# EXERCISE DESCRIPTION
Starting from the line with "Mercedes Benz CLA 250 foto 27", please copy exactly every line to the end of the listing, but not the pictures.

# DATA EXTRACT
------------------------------------------------------------

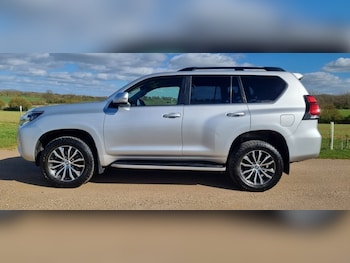 Used Toyota Land Cruiser 2019 for sale - 78242834: Photo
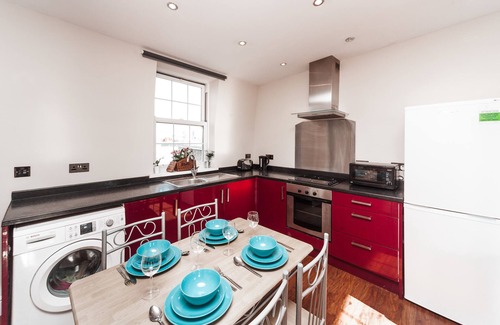 Spitalfields Apartment | City view flat at Liverpool st Brick Ln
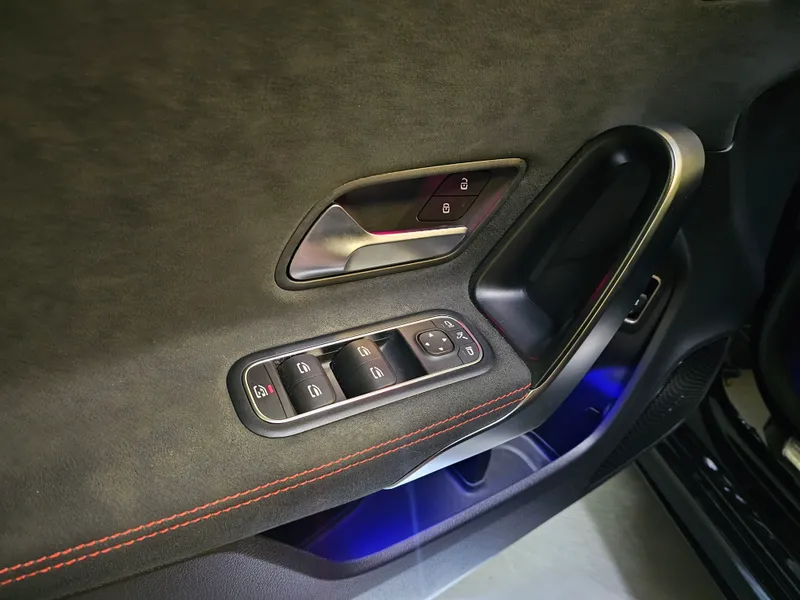 Mercedes Benz CLA 250 foto 27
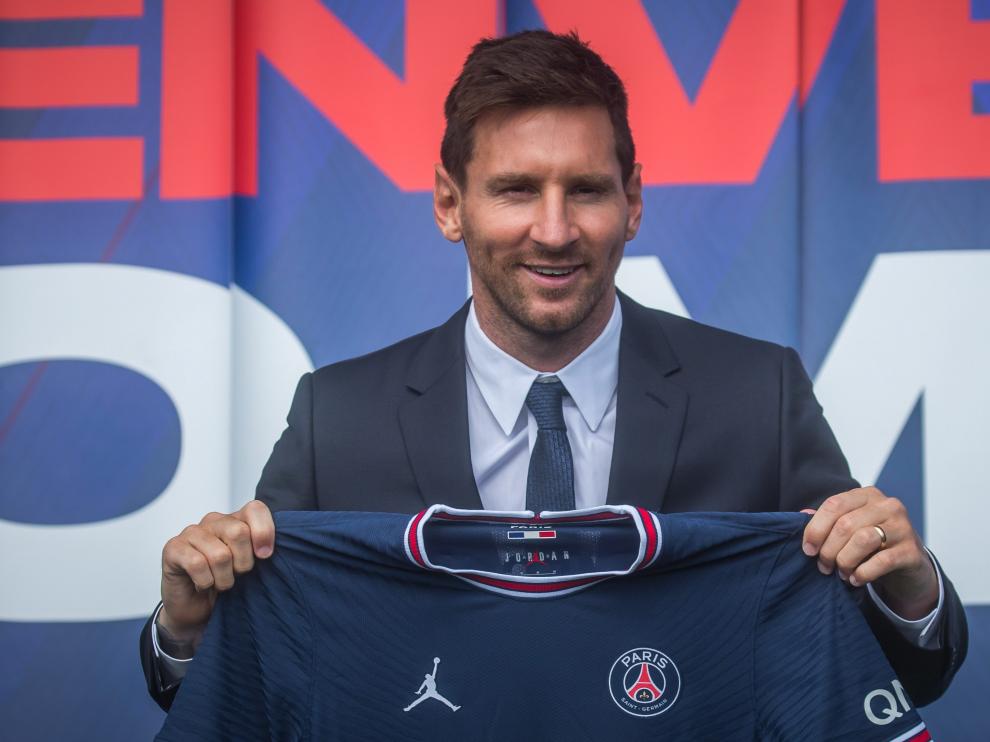 Lionel Messi muestra la camiseta que lucirá en el Paris Saint-Germain.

------------------------------------------------------------

# TASK RESULT
 Mercedes Benz CLA 250 foto 27
 Lionel Messi muestra la camiseta que lucirá en el Paris Saint-Germain.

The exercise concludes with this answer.